Step 1: Process Input File into Plaintext.

  • Converts the input book file into a plaintext file.
  • Output: outputs/<input_book_name>/<input_book_name>_plaintext.txt

Step 2: Tag Dialogues and Generate JSON Files

  • Transforms plaintext by surrounding dialogues with <character_name> tags.
  • Generates characters.json with character names and their corresponding voices.
  • Creates metadata.json for audiobook metadata customization.
  • Outputs:
  • outputs/<input_book_name>/<input_book_name>_tagged.txt
  • outputs/<input_book_name>/characters.json
  • outputs/<input_book_name>/metadata.json
  • output/<input_book_name>/processed_blocks/processed_#.txt (if -p flag is passed)
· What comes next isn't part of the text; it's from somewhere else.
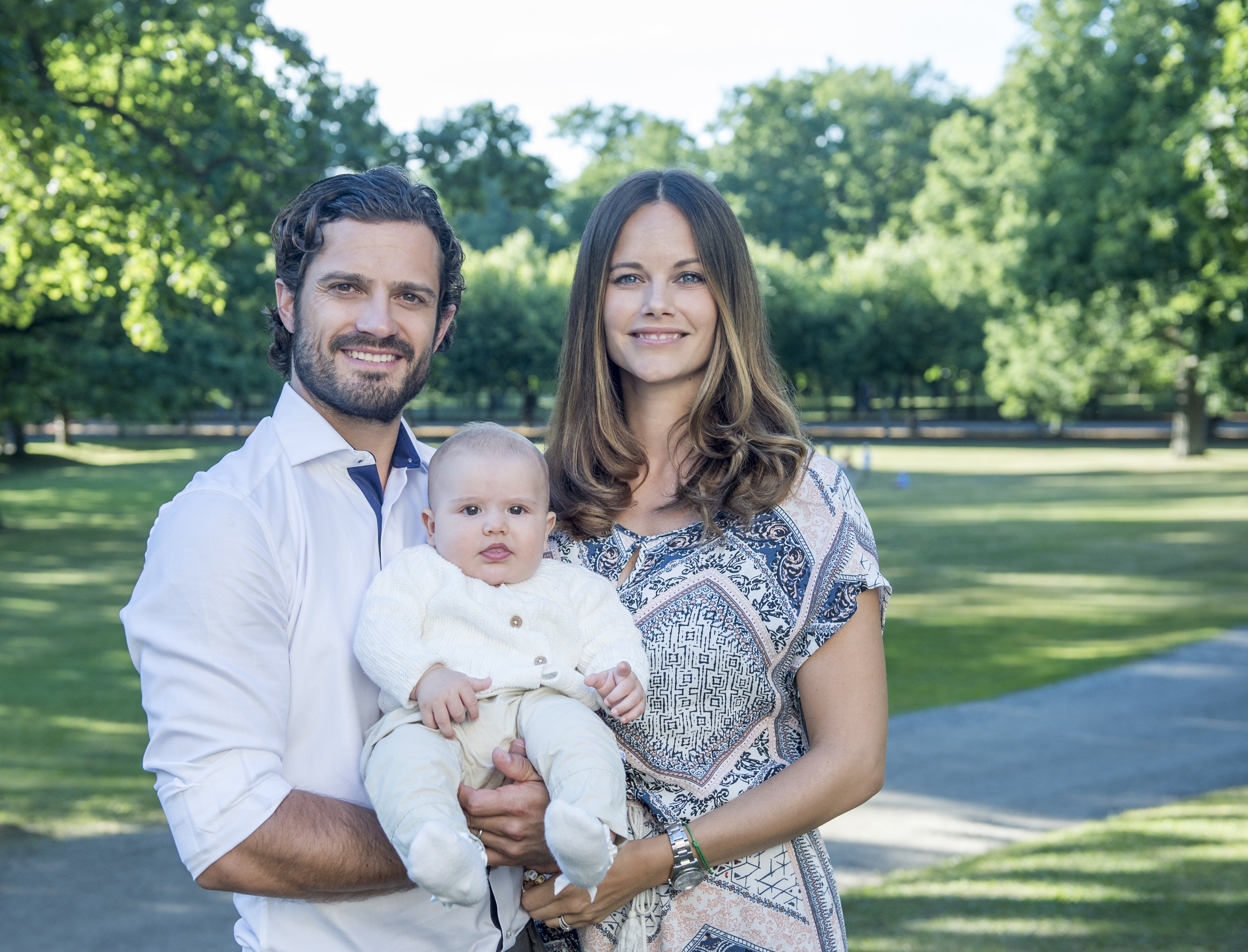 carlos felipe y sofia de suecia bautizarán a su hijo en septiembre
Step 3: Generate TTS Audio Files

  • Converts the tagged text into audio files using the specified TTS method.
  • Output: outputs/<input_book_name>/audio_files/<file_number>.mp3

Step 4: Combine Audio Files into an .m4b Audiobook

  • Merges all generated audio files into a single .m4b file using the chosen method (av or ffmpeg).
  • Output: outputs/<input_book_name>/<input_book_name>.m4b

Running Specific Steps

To run specific steps, use the -s or --steps option followed by a comma-separated list of step numbers.

Example:

bash pipenv run python src/main.py -i my_book.epub -s 1,2

This command will execute Step 1 and Step 2 only.

Note: After running certain steps, you may manually edit the generated files (e.g., characters.json, metadata.json, or _plaintext.txt) before proceeding to the next steps.

Example input / output structure

book-to-audio-converter/
├── inputs/
│   └── my_book.epub
│   └── my_book.jpg
├── outputs/
│   └── my_book/
│       ├── my_book_plaintext.txt
│       ├── my_book_tagged.txt
│       ├── characters.json
│       ├── metadata.json
│       ├── audio_files/
│       │   ├── 1.mp3
│       │   ├── 2.mp3
│       │   └── ...
│       └── my_book.m4b

More local voice options

  1. Run pipenv run python src/generate-voice-examples.py
  2. Browse the resulting local-voice-examples directory and play audio files to hear the speaker's voice
  3. Adjust vits_voice_mapping and the gendered voices in CONFIG.voice_identifiers in the src/config.py file.

For example, if you listened to p237 in local-voice-examples and want to add it as another female voice option, append the following to vits_voice_mapping:

"female_3": {
    "model": "tts_models/en/vctk/vits",
    "speaker": "p237"
},

Then in CONFIG.voice_identifiers.female_voices, add the new voice as an auto-map option so that it shows up in auto-generated characters.json:

"female_voices": ["female_1", "female_2", "female_3"],

License

This project is licensed under the MIT License.